Efficient and safe solution

As with most organizational challenges, the solution is a combination of technologies and processes. Since Kubernetes is an open source technology, there are numerous ways to implement it. While some companies develop custom solutions, others value the flexibility, predictability, and support of services.

These include Amazon Elastic Kubernetes Service (EKS), Google Kubernetes Engine (GKE), Microsoft Azure Kubernetes Service (AKS), Red Hat OpenShift Container Platform or Rancher, now under the leadership of SUSE. Such Kubernetes platforms usually make it easier to get started, as they offer many required services from a single source. As a rule, however, they do not contain the functions necessary for productive use on a large scale.

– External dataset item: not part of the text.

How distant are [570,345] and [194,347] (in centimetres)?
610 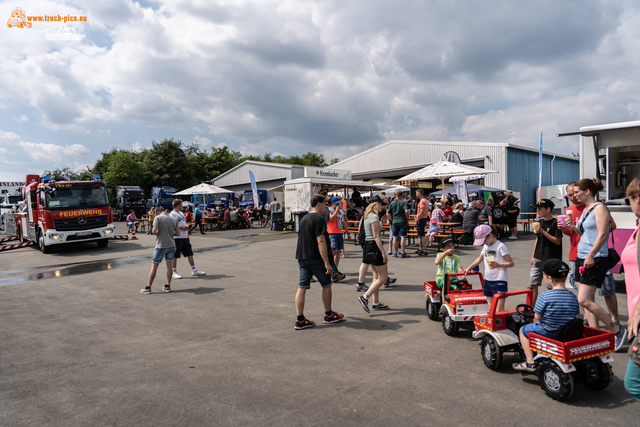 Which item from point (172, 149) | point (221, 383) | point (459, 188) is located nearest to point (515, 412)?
point (221, 383)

In particular, current network and security functions are often lacking to ensure the necessary stability and availability. For the productive use of Kubernetes, companies should therefore add three additional components:

1. A scalable Ingress-egress layer to route traffic to and from the cluster

An Ingress controller is a special load balancer that abstracts the complexity of the Kubernetes network. It builds a bridge between the services inside and outside a Kubernetes cluster. This component can be used productively if it includes features for high resiliency, fast scalability and self-service. This includes advanced health checks and Prometheus metrics, dynamic reconfiguration, and role-based access control.

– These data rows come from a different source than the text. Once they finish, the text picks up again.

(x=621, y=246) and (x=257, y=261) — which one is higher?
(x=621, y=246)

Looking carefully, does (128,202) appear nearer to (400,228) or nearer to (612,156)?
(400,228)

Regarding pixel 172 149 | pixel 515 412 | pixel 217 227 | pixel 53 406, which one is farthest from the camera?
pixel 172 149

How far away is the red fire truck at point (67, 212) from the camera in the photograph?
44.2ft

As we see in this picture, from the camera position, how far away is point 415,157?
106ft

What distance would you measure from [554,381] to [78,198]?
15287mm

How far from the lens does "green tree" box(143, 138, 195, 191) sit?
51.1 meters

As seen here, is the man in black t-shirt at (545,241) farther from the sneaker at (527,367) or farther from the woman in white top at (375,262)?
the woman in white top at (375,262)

2. Built-in security to protect against threats across the cluster

While general safeguards are sometimes sufficient outside the cluster, detailed measures are required within the cluster. Depending on the complexity, there are three places where a flexible Web Application Firewall (WAF) is necessary: on the Ingress controller, as a proxy per service and as a proxy per pod. A high degree of flexibility is needed to apply strict controls for sensitive applications such as invoicing and lighter controls for lower-risk applications.

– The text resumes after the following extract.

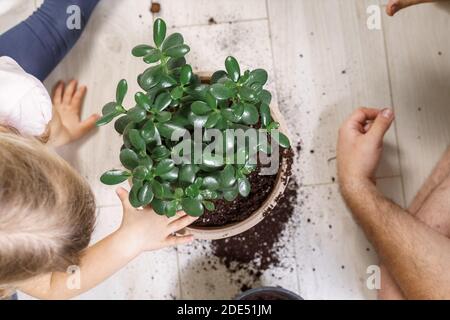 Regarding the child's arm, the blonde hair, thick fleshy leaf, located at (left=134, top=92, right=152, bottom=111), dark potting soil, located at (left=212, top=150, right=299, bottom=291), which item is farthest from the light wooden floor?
thick fleshy leaf, located at (left=134, top=92, right=152, bottom=111)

3. Scalable east-West traffic layer to optimize traffic within the cluster

This component is needed once Kubernetes applications go beyond the level of complexity and scale that basic tools can handle. Then companies need a service mesh. This is an orchestration tool that provides even finer-grained security and traffic management for application services within the cluster. A service mesh is typically responsible for routing management between containerized applications. It ensures the provision and enforcement of autonomous service-to-service policies for mutual TLS (mTLS), as well as insights into the availability and security of the apps.

Care must be taken

When choosing these components, companies should pay attention to portability and transparency. Platform-agnostic components reduce complexity and improve security as teams use and secure fewer tools. In addition, workloads are easier to relocate depending on business needs.

Steffan Henke

Steffan Henke (Picture: F5)

The importance of visibility and monitoring cannot be overestimated. Integrations with tools such as Grafana and Prometheus create a unified view of the infrastructure. This ensures that teams detect issues before they impact customers. Kubernetes-based applications can thus be used productively in a safe and efficient manner.

* Steffan Henke is Technical Solutions Engineer, NGINX, at F5.